### WORK INSTRUCTIONS
With pictures left out, output exactly the lines from the line holding "satin slip dress for elegant" through the end of the data, both included.
====
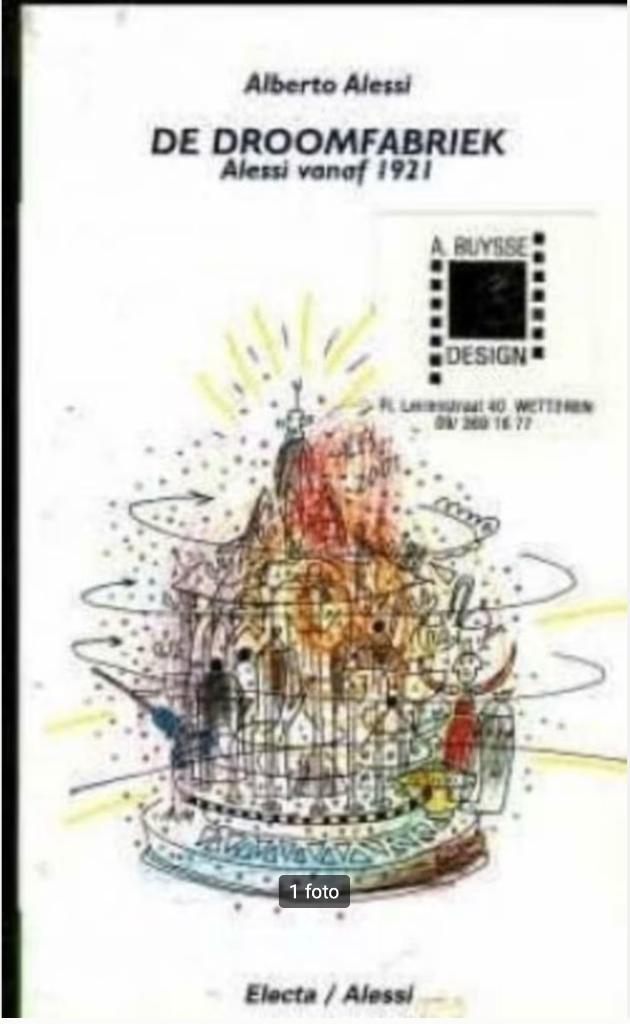 De droomfabriek Alessi, Boeken, Overige Boeken, Ophalen of Verzenden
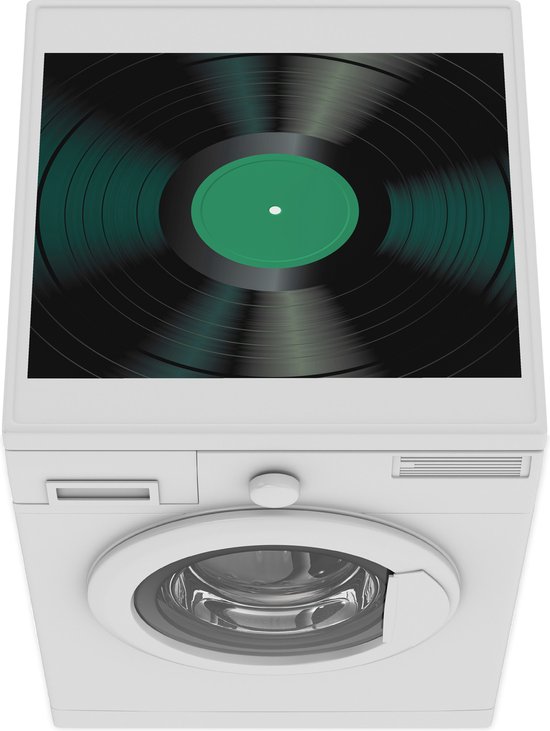 Wasmachine beschermer - Wasmachine mat - Vinyl - Plaat - LP - Retro -  Turquoise -... | bol.com
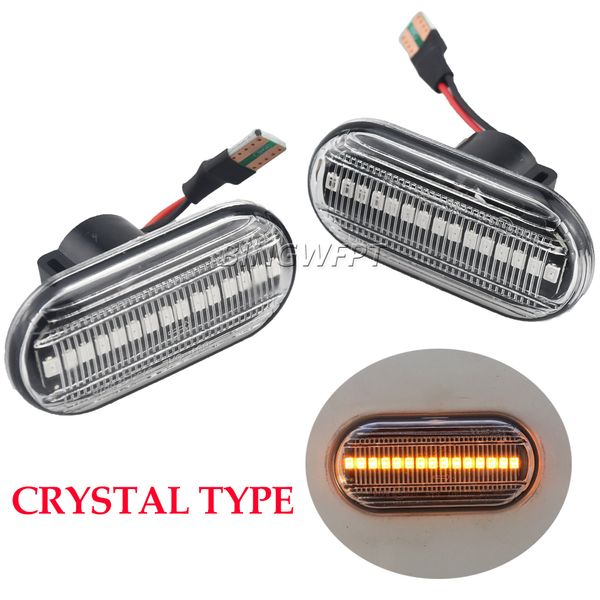 Feu de position latéral dynamique Led, clignotant, pour Renault Clio 1 2 KANGOO MEGANE ESPACE TWINGO MASTER, pour Nissan Opel Smart FORTWO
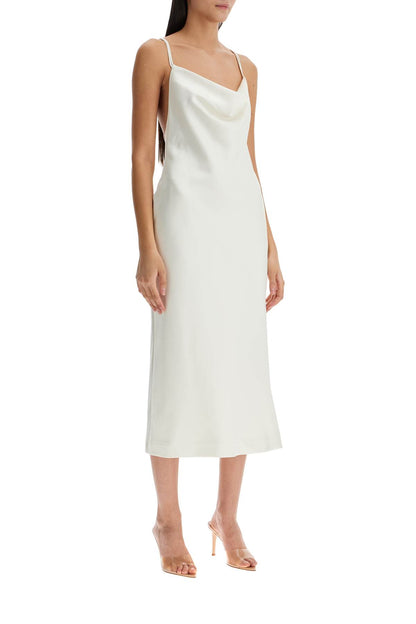 satin slip dress for elegant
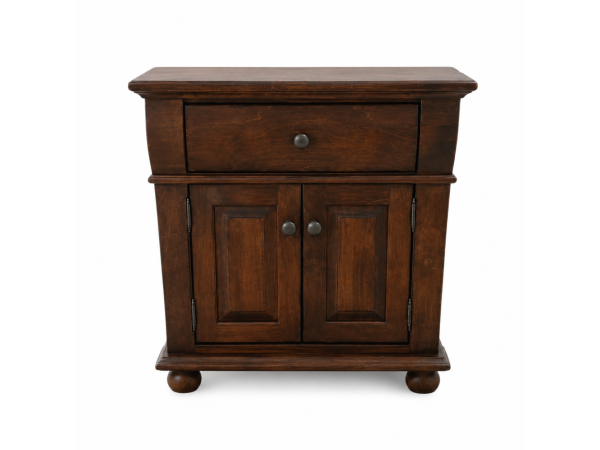 nightstand with 3 drawers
====
### RESULT
 satin slip dress for elegant
 nightstand with 3 drawers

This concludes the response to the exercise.